Sveino / Inst4CIM-KG

Instance of CIM Knowledge Graph
Apache License 2.0
5 stars 1 forks source link

Add Datatypes To Instance Data #49

Open VladimirAlexiev opened 2 months ago

VladimirAlexiev commented 2 months ago

In CGMES instance data, all literals are string, but should be marked with the appropriate datatype.

This query counts props by XSD datatype:

PREFIX xsd: <http://www.w3.org/2001/XMLSchema#>
PREFIX rdfs: <http://www.w3.org/2000/01/rdf-schema#>

select ?range (count(*) as ?c) {
   ?x rdfs:range ?range
    filter(strstarts(str(?range), str(xsd:)))
} group by ?range order by ?range
Here are the current results, but it should be rerun after fixes to ontology: see col "comment" range c comment
xsd:boolean 218 Inflated because meta-data props are duplicated, and many are boolean
xsd:dateTime 5
xsd:decimal 1
xsd:float 310 Deflated because eg cim:ActivePower.value may be used by hundreds of "real" props
xsd:gMonthDay 2
xsd:integer 36
xsd:string 51

I have a tentative SPARQL Update, but need to revise it.

griddigit-ci commented 2 months ago

Need to discuss if we have concerns related to the file size. It will be very good if we have explicit datatypes in the instance data as this will not require post processing and mappings are parsing time to enable SHACL validation of datatypes. Is it common to assume the xsd:string so that we do not want to declare that one? How JSON-LD will deal with it? I think we can manage this with some sort of context so that we do not have repetitions in the serialisations.

VladimirAlexiev commented 2 months ago

@griddigit-ci @Sveino

About JSON-LD: #55

VladimirAlexiev commented 1 month ago

Done, see https://github.com/Sveino/Inst4CIM-KG/blob/develop/rdf-improved/fix-datatypes.ru

Sveino commented 4 weeks ago

We cannot really do anything on this for CIMXML, so this must be address as for of JSON-LD. This was discussed in https://github.com/3lbits/CIM4NoUtility/issues/278. I agree with Valdimir comment regarding sizing - the support for zip is an issue we need to discuss as well. The thinking for JSON-LD was that this information is derived from the profile, but it must be 1.23 and not "1.23" for a float. My understanding now is that when we import the CIM XML we will run the script above that will add the correct Datatype for the instance data?

VladimirAlexiev commented 3 weeks ago

We cannot really do anything on this for CIMXML

Why not? If we do, it'll just add attribute rdf:datatype to every value. Will that break any software?

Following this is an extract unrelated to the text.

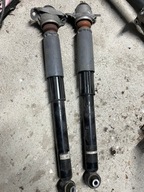 Amortyzator tylny tylni prawy lewy tył Audi TT 8S 8S0512011B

Or do you mean that you cannot demand it in the spec?

when we import the CIM XML we will run the script above that will add the correct Datatype for the instance data?

It can be used in two ways:

VladimirAlexiev commented 3 weeks ago

Reopening so you can decide whether it's unfeasible to use rdf:datatype in CIM XML.

Sveino commented 3 weeks ago

We cannot really do anything on this for CIMXML

Why not? If we do, it'll just add attribute rdf:datatype to every value. Will that break any software? Or do you mean that you cannot demand it in the spec?

We have to update the spec for CIM XML - which we are planning to do. But we do not have a approved specification for JSON-LD (however, we have indicated to the vendor how we are planning to do it)

when we import the CIM XML we will run the script above that will add the correct Datatype for the instance data?

It can be used in two ways:

With jena update (in-memory SPARQL Update) to add datatypes to a file. I'll use that when producing Trig and JSONLD In a semantic repo after loading CIM XML

We can also run a script of the instance fil to create a new instance file. At Statnett we also have a code for exporting CIM XML from GraphDB.